Etsy is pushing into crowdfunding. The wildly successful independent makers platform is launching a crowdfunding pilot program that melds e-commerce and the ability to raise capital prior to a product launch. This comes after a successful IPO that saw shares rocket to $30 shares only to tumble back to the IPO price of $16 soon after peaking.
Etsy founded in 2005, has grown dramatically into a company that now has over 700 employees and almost $2 billion in annual sales. The young firm is attempting to expand its model made popular in part by its Brooklyn neighbor Kickstarter.
Fund on Etsy is described as a new way to grow the “Etsy Economy”. The unique commerce site prides itself on enabling creative entrepreneurs find meaningful work while consumers discover and buy unique goods.
The “Fund Project” was identified as a need for Etsy sellers as they struggle to finance growing businesses. Speaking with WSJ.com, Etsy Product Manager Joe Lallouz explained;
“We’re super passionate about our seller community. What are the best ways to help them grow and scale? A lot of sellers identified financing as a big hurdle to growth.”
Many Etsy users have launched products leveraging platforms like Kickstarter and Indiegogo so in many ways adding crowdfunding really makes sense. Fund Project users will not be charged any fee unless the project completely funds. Correspondingly, backers will not have credit cards charged unless the project fully funded.
Fund on Etsy is a US-only pilot program that will run from June 16 to August 16 and have selected a limited group of sellers to launch campaigns throughout this period. Etsy stated that sellers in the pilot program have been working diligently over the past two months to develop new product ideas. The campaigns created range in scope, goals and products, illustrating to buyers how their funding will help them take their business to the next level.
The process is very similar to Kickstarter. Indiegogo has pushed into a process that has merged direct sales and crowdfunding with their “In-Demand” program. Recently Amazon has leaned in the crowdfunding direction forcing the question if the global ecommerce platform would acquire an established platform, or just compete directly.

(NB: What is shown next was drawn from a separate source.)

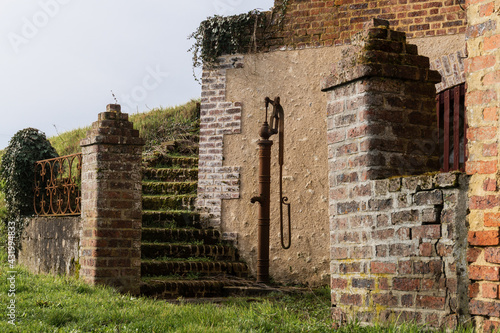 pompe à eau dans la cour d'une ferme percheronne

Recently rewards based crowdfunding has come under scrutiny as the FTC filed suit against a Kickstarter campaign creator who spent funds raised on personal expenses instead of delivering perks to backers. The FTC case highlighted a glaring issue with rewards based campaigns that many crowdfunding projects fail to deliver. Contingent upon the exact structure, Etsy may be well positioned to alleviate this concern as their existing sellers typically have already established a product line.